↓
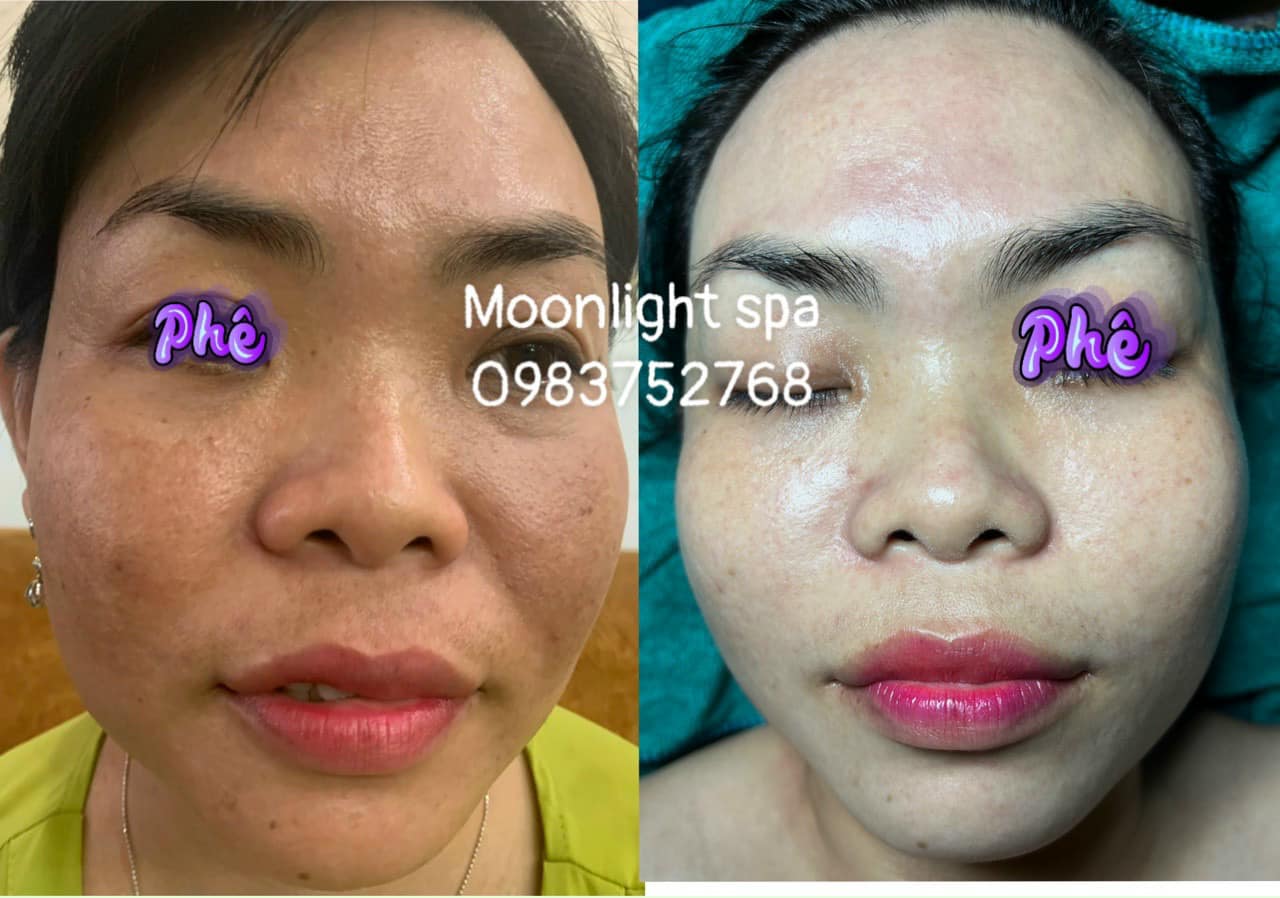 MoonLight Spa ảnh 2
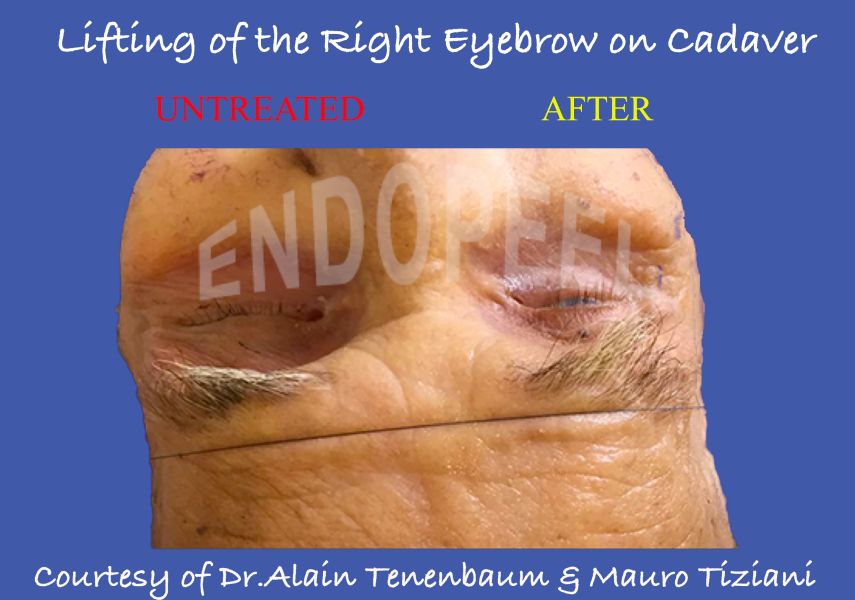 eyebrow-lift on a cadaver with endopeel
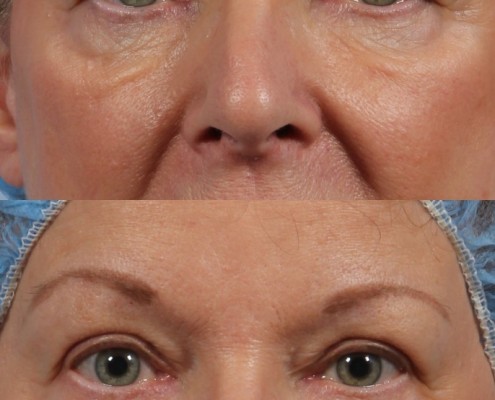 Dr. brett kotlus cosmetic oculoplastic upper eyelids female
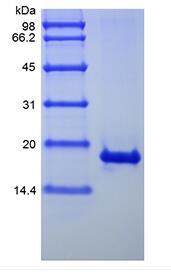 Recombinant Human Interferon-alpha1b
↑
(TASK REQUIREMENTS):
Repeat the line containing "Dr. brett kotlus" and every line after it up to the end of the material above, exactly as they stand, minus the pictures.

(RESPONSE TO THE TASK):
 Dr. brett kotlus cosmetic oculoplastic upper eyelids female
 Recombinant Human Interferon-alpha1b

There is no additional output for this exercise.